The bill would expand the U.S. Coast Guard's role in offshore drilling regulation, requiring the guard to beef up its marine safety work force with 300 additional personnel, more training, more than $75 million in additional funding over the next five years and mandates to broaden inspections and address potential worst-case scenarios during reviews.
Rep. Nick Rahall (D-W.Va.), who will take up similar legislation aimed at shoring up drilling regulations and oversight from his perch as chairman of the Natural Resources Committee, said removing the damage liability cap was "long overdue and clearly warranted." But Rahall differed with the bill's broad expansion of the Coast Guard's oversight of offshore drilling, saying the responsibility was better left to the Interior Department and the Minerals Management Service, whose policies his committee would focus on tightening.
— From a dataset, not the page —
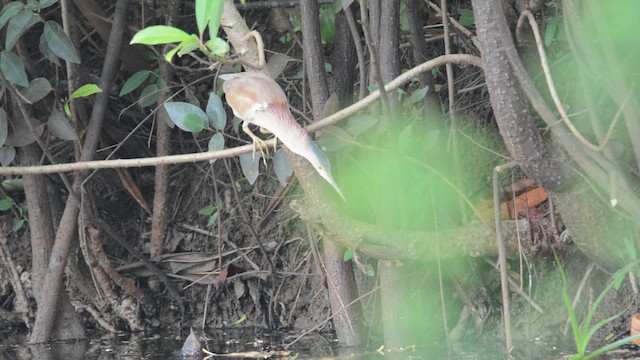 Sarı Küçük Balaban - ML645508866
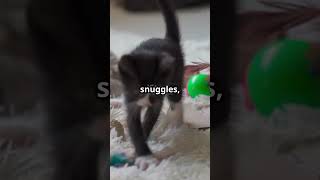#ChiensDrôles #VidéoChien #كلاب #كلاب_مضحكة #كلب_لطيف #فيديو_كلب #نباح_كلب #كلب_يتكلم #كلب_يلعب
"In my opinion, this bill asks the Coast Guard to do things that are entirely inappropriate in light of its expertise and its mission," Rahall said.
Other liability expansions included an amendment to the Oil Pollution Act of 1990 to add human health impacts to the list of valid claims -- a response to reports that residents and workers in and around the Gulf spill have suffered from a variety of respiratory and other health issues.
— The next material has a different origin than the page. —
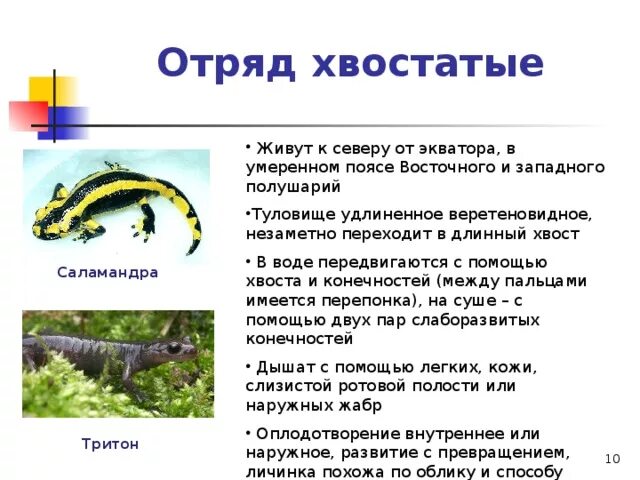 Признаки присущие земноводным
The bill also aims to repeal an 1851 law that limits the liability of a ship owner to the value of the vessel and freight. Citing the more than 150-year-old law, Transocean Ltd., BP's partner of the owner of the Deepwater Horizon rig, had sought to limit its liability to $27 million, according to the committee.
Another section would allow families of those killed at sea -- such as the 11 workers killed in the rig explosion -- to seek not only monetary damages but also claims of pre-death pain and suffering and loss of companionship, similar to a bill the House approved on the floor yesterday (see related story).
Lawmakers on both sides agreed there was more work to be done before the bill goes to the House floor, with members on both sides proposing then withdrawing amendments on the agreement that the issues would be addressed later. One amendment from Rep. Joseph Cao (R-La.) called for building a standardized fleet of spill response vessels in partnership with universities. Rep. Jerry Nadler (D-N.Y.) called for halting all dispersant use until EPA's study of their toxicity and effectiveness was complete.
One amendment voted into the bill came from Rep. Michael Arcuri (D-N.Y.). It strips an exemption that gave oil and gas drillers a pass on having to obtain permits for stormwater discharge during well construction. Earthworks and other environmental groups cheered the move in a news release calling it "one step in the right direction towards reforming our oil and gas industry."
The T&I Committee also approved Rep. Frank LoBiondo's (R-N.J.) measure (H.R. 5301) to extend a moratorium on EPA's permitting of the "incidental discharges" of charter fishing boats and small commercial vessels, such as bilge water, "gray" water and deck runoff.
A recently completed EPA study found that such discharges were "not benign" but the agency needs more time to decide how to regulate the matter. The bill, largely a measure of legislative housekeeping, passed easily, since failure to extend the moratorium would have rendered thousands of boats in violation of the Clean Water Act this summer. Oberstar said he expected to bring the bill to the floor soon after the July 4 recess.
The panel also approved Del. Eleanor Holmes Norton's (D-D.C.) bill (H.R. 5545) to deauthorize navigation in the northern portion of the Washington Channel. The measure is intended to encourage dock construction and development along the Southwest Waterfront, Norton said.